==== EXCERPTED RECORDS
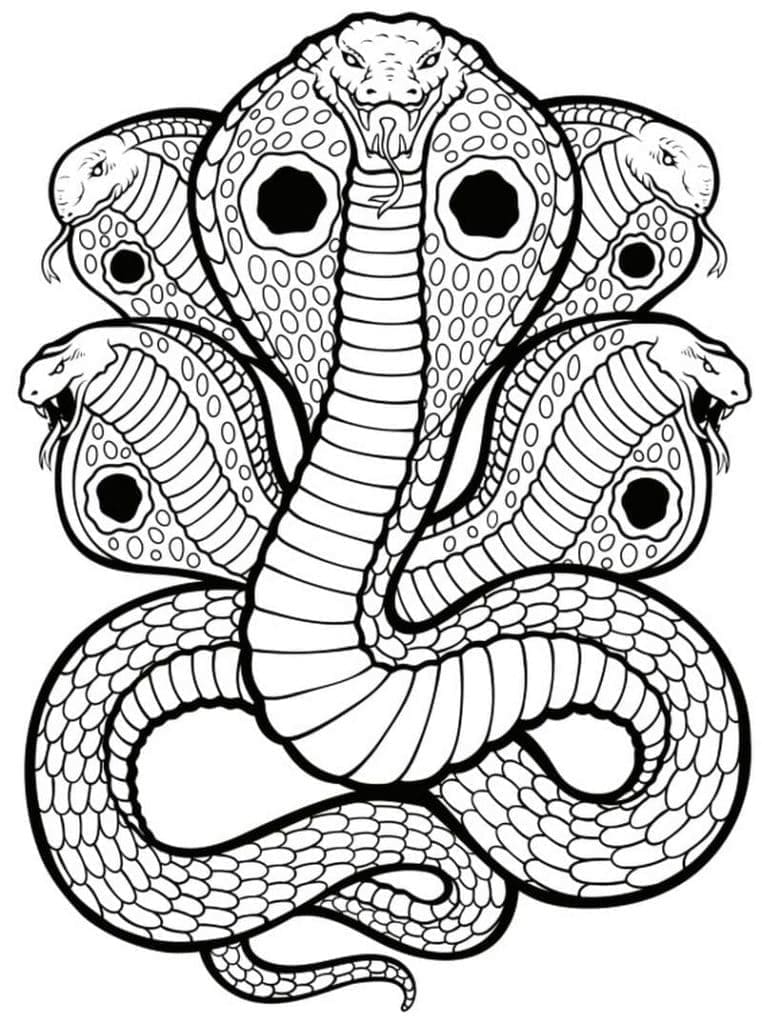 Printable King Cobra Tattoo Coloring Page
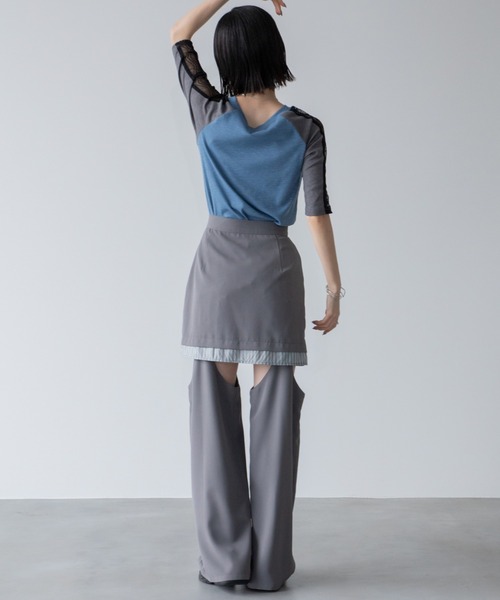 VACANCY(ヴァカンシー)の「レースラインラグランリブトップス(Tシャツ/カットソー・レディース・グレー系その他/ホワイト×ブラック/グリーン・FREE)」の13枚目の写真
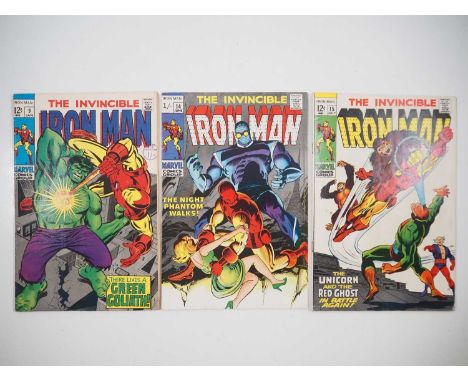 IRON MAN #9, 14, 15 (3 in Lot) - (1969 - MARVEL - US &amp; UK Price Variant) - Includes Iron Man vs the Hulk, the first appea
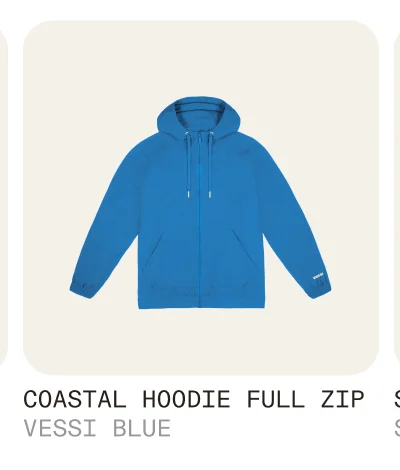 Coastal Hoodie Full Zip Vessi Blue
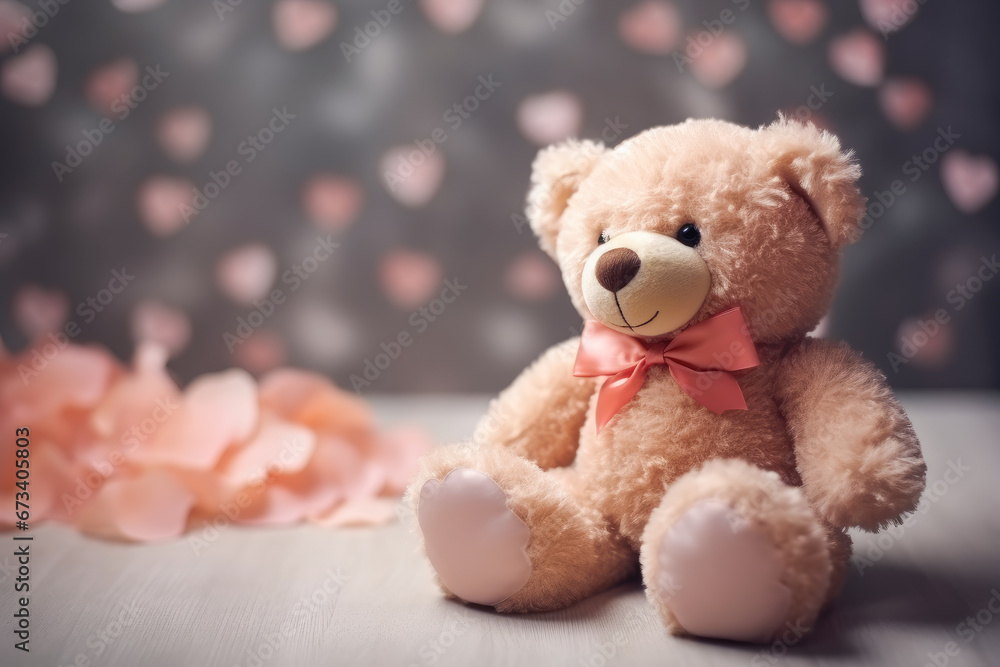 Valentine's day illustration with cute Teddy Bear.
========
* _TRY IT_: Nothing but the lines from the one that contains "VACANCY(ヴァカンシー" through the last line of the records belongs in the answer, reproduced exactly, with no pictures.

* _COMPLETED EXERCISE_:
 VACANCY(ヴァカンシー)の「レースラインラグランリブトップス(Tシャツ/カットソー・レディース・グレー系その他/ホワイト×ブラック/グリーン・FREE)」の13枚目の写真
 IRON MAN #9, 14, 15 (3 in Lot) - (1969 - MARVEL - US &amp; UK Price Variant) - Includes Iron Man vs the Hulk, the first appea
 Coastal Hoodie Full Zip Vessi Blue
 Valentine's day illustration with cute Teddy Bear.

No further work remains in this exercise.